=== Task requirements ===
Copy each entry below unchanged; the images do not go in the copy.

=== Data listing ===
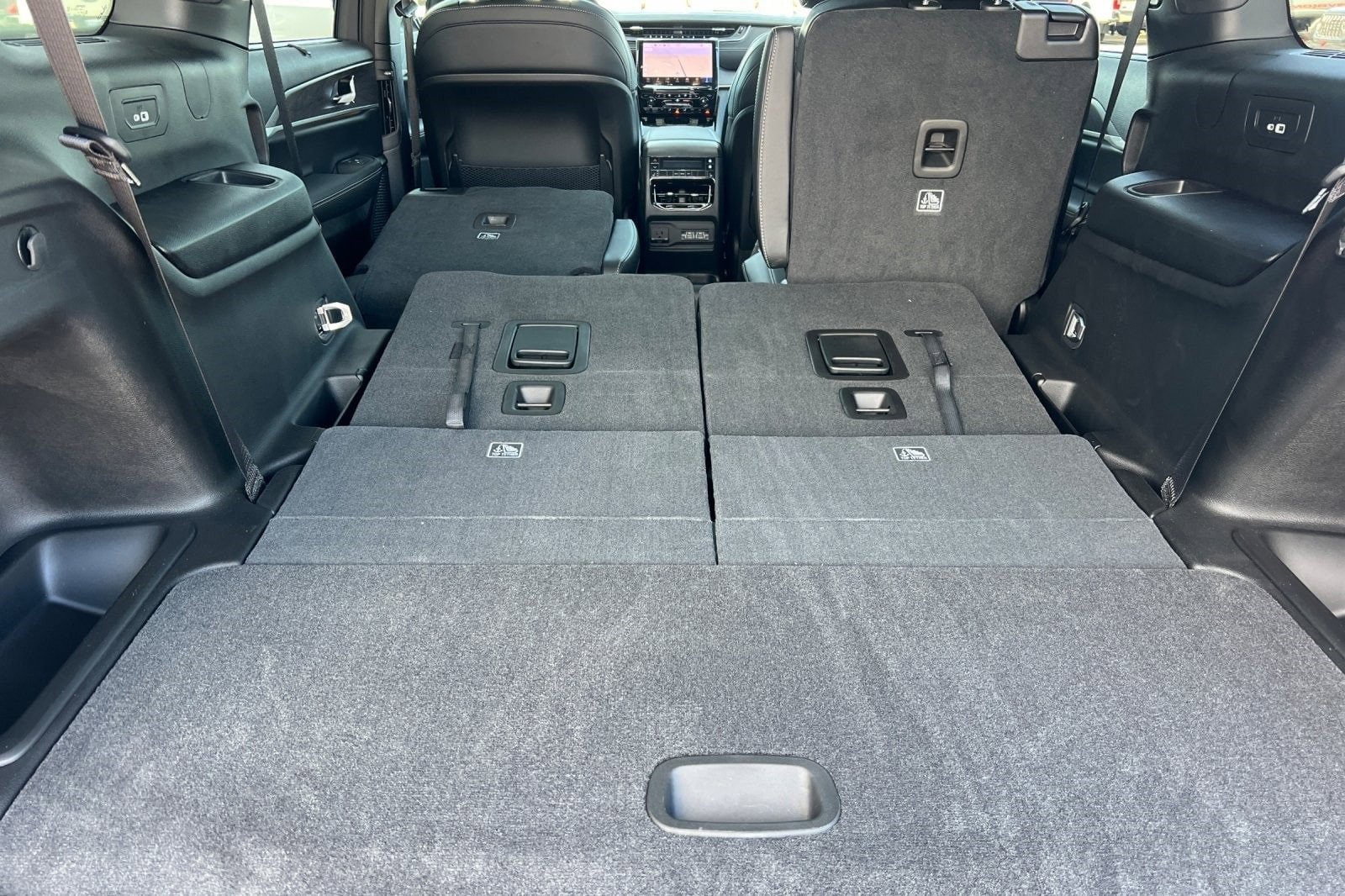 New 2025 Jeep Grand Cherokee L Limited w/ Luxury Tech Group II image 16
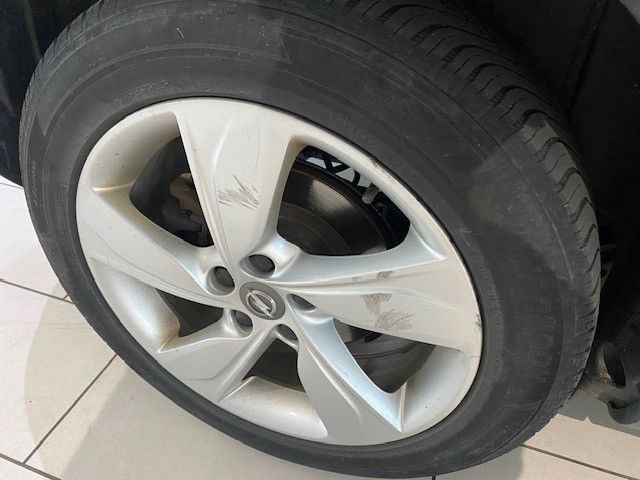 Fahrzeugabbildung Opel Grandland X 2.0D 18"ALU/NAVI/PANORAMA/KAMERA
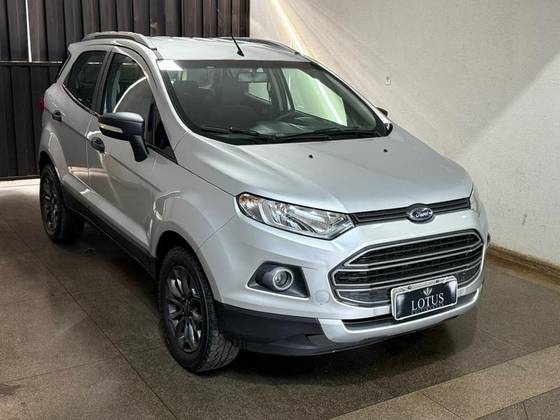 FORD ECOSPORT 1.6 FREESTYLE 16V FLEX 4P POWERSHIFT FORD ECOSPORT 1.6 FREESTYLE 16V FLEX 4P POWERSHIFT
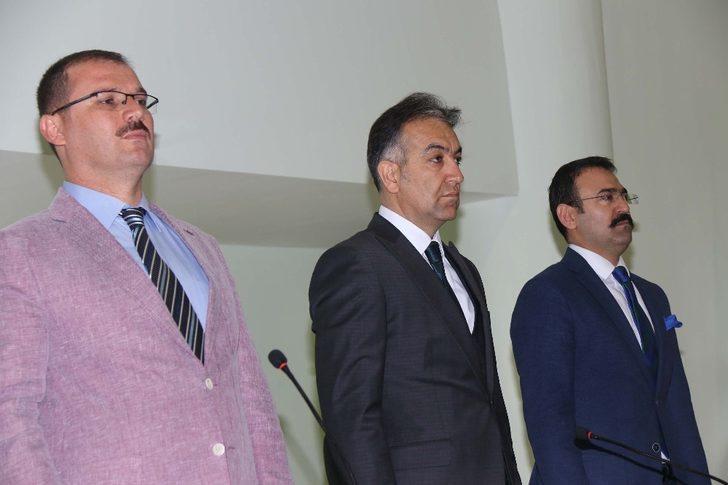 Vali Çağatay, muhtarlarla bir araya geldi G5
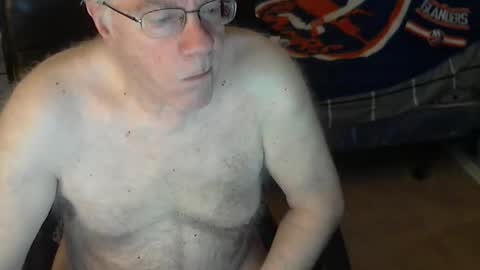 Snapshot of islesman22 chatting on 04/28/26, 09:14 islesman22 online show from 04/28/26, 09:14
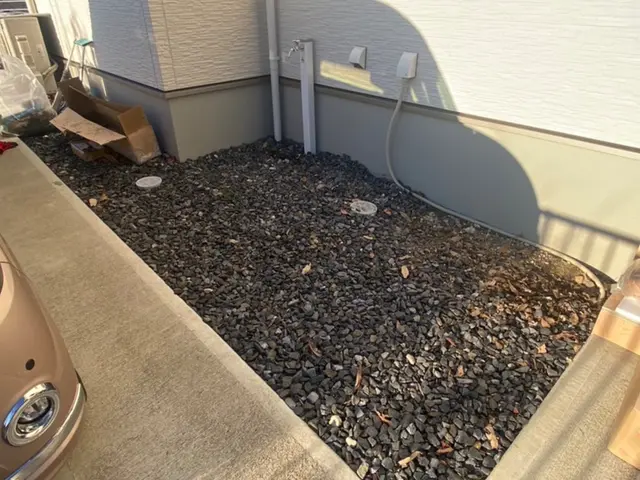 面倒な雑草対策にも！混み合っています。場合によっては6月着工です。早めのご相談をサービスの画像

=== Response for this exercise ===
 New 2025 Jeep Grand Cherokee L Limited w/ Luxury Tech Group II image 16
 Fahrzeugabbildung Opel Grandland X 2.0D 18"ALU/NAVI/PANORAMA/KAMERA
 FORD ECOSPORT 1.6 FREESTYLE 16V FLEX 4P POWERSHIFT FORD ECOSPORT 1.6 FREESTYLE 16V FLEX 4P POWERSHIFT
 Vali Çağatay, muhtarlarla bir araya geldi G5
 Snapshot of islesman22 chatting on 04/28/26, 09:14 islesman22 online show from 04/28/26, 09:14
 面倒な雑草対策にも！混み合っています。場合によっては6月着工です。早めのご相談をサービスの画像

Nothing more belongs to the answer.